Kenyan households may have to dig deeper into their pockets for some basic food items in the coming weeks, even as prices of several vegetables and fresh farm produce are expected to decline.
A new survey by the Central Bank of Kenya (CBK) shows that prices of key household commodities, including rice, bread, maize flour, wheat flour, sugar, cooking oil, cooking fat and packaged milk, are likely to rise over the next month.
The findings are contained in the Agriculture Sector Survey for May 2026, which captured the views of players in the agriculture sector on expected price movements and production trends.
According to the survey, concerns over the ongoing conflict involving the United States, Israel and Iran have continued to fuel fears of disruptions in global supply chains, with respondents expecting the situation to push up the cost of imported and processed food products.
Rising global oil prices and challenges in international shipping routes were cited among the factors likely to exert pressure on food prices in the country.
With many people currently struggling with issues concerning living expenses, it is likely that the coming rise in prices for basic commodities will cause an increase in spending in households over the next few weeks.
But on a positive note, the survey indicates that prices for some vegetables and other farm products are projected to reduce due to better supplies.
CBK said prices for spinach, sukuma wiki, indigenous vegetables, and unpackaged milk are expected to go down with increasing production levels.
The price reduction has generally been attributed to favorable weather patterns registered in the March-May long rains season.
Tomatoes, onions, potatoes, carrots, green maize, maize grain and green grams are also expected to benefit from improved harvests, although expectations varied from one region to another.
Despite fears about rising prices for certain essentials, the poll shows that inflation worries may not be as pressing now.
Some 65 per cent of those surveyed said that they expect the inflation rate to go up in the coming month, compared with 81 per cent last month.
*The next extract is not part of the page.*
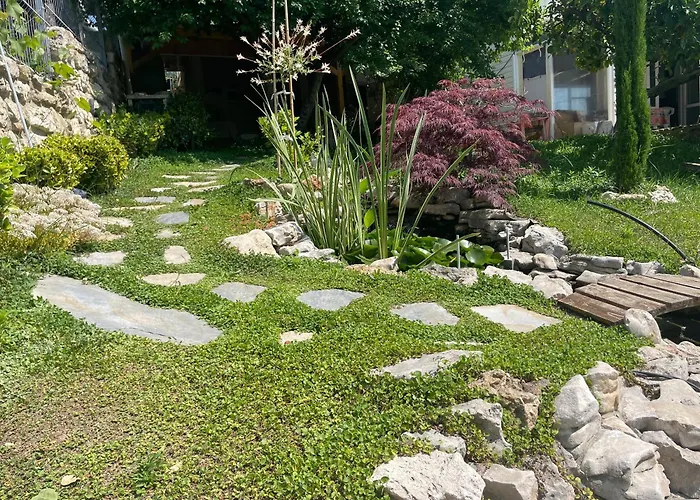 アパート рак *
It appears that better food supplies could cushion people against higher prices.
Transportation costs continued to exert pressure on the prices of foods, with 95 per cent of those polled citing them as the major determinant of both retail and wholesale markets.
Among the other factors influencing the prices are weather conditions, input costs for farmers, labor costs and logistical issues.
Nevertheless, optimism prevails in the agricultural sector with more than 80 per cent of respondents expecting improvements in the next three months and even over the next year, driven by favorable weather conditions and various government programs.
It would mean that people might find themselves in a rather mixed market situation in the coming period – while some staple products may become more expensive, prices of common vegetables and fruits may fall because of their abundance.